This is a bad pic.  We definately won't be breeding her this year(prob too late anyway??)  And with good feeding and good care perhaps we can get her a bit bigger.  If not she sure does make a cute little pet!

Here is Maizie, Better pics to follow.


----------



## ksalvagno (Dec 19, 2009)

She is adorable. You can always see how big she is next fall if you want spring kids.


----------



## taraann81 (Dec 24, 2009)

She has some of the weirdest quirks.  SHe still ast 9 mponths of age sucks on my fingers.  Olliver stopped doing that about 2 weeks after he was weaned.  Her fecals all came back negative!  But I think after christmas we will take her to the vet as I am curious to see what he has to say about her small size.

She is like a perfect Nubian in miniature, I assume if it is some sort of dwafrism she would be out of proportion but she is not!  She's a real sweaty!


----------



## mavrick (Dec 24, 2009)

If you didnt want to breed her with a pymgy, breed her with a nigerain dwarf, there a milk type and  give lots of good milk for there size


----------



## taraann81 (Dec 24, 2009)

mavrick said:
			
		

> If you didnt want to breed her with a pymgy, breed her with a nigerain dwarf, there a milk type and  give lots of good milk for there size


I think that will wait until next fall.  She is just so tiny now.  I will try to get a pic with a size comparison soon.  I'm worried about when I finally introduce her to my goats.  When they hear her bleting across the yard the hair on the back of their necks and backs raise up and my doe butts anything near her!


----------



## lupinfarm (Dec 25, 2009)

Aww isn't she sweet! We have 2 Pygmy's, my biggest girl is 60lbs and kidded once before with no problems to my knowledge.
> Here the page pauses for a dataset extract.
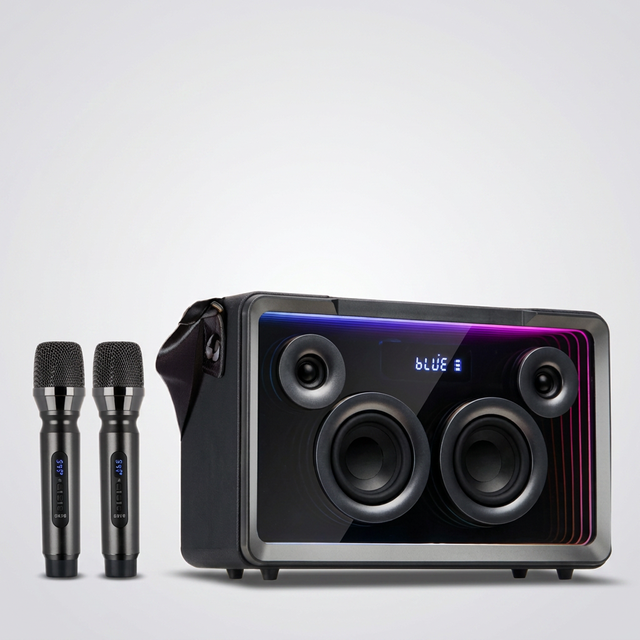 SKD Portable Karaoke Machine Systems Outdoor Blue Tooth Speaker With Wireless Karaokes RGB Light Dual Singing Microphone Speaker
I had no idea that a nubian/pygmy was a kinder. Interesting. Perhaps I'll get a couple nubians from the farm a town over (very nice milking lines, registered, and local) to breed to the Pygmy buck we're getting this spring.


----------



## Freeholder (Dec 25, 2009)

If you have a bathroom scale, you can pick her up, weigh yourself with and without her, and get a more accurate estimate of her weight.  She looks quite stocky, and might actually be heavier than you are thinking.  Still, I think you are right to wait to breed her, and give her some more time to grow.

Sometimes there's just a small one.  She may actually be a very good milker -- size doesn't have a lot to do with that.  It's the amount of feed they take in.

Kathleen


----------



## Ariel301 (Jan 10, 2010)

She sounds like a doeling we have...we bought a bred LaMancha doe from a dairy farm, but she was bred by accident (she got into the buck pen) and so they didn't know what the sire was, it could have been anything, really, they had 10 or more bucks of several breeds. The doe kidded with twins, a 5 pound buckling and a 4 pound doeling. That's a good deal smaller than the buck kid we had just ten days earlier, he was about 7 pounds at birth. 

 Now, at 8 months old, our girl is barely 40 pounds--and that's with being pregnant! (stupid sneaky buck went over the fence some time this fall and got her! We don't know when it happened, but she is pregnant for sure...) We can't find anything wrong with her, or her brother, who is only slightly bigger. Both look like perfectly proportioned LaManchas in miniature, they don't look stunted or dwarfed or anything. We don't know what is going on, maybe they're just miniatures. The other one we had born around the same time as these two is already as tall as our older goats, and about 75-80 pounds, and we raised them all together, so if something was wrong with two, it should have been wrong with all three.


----------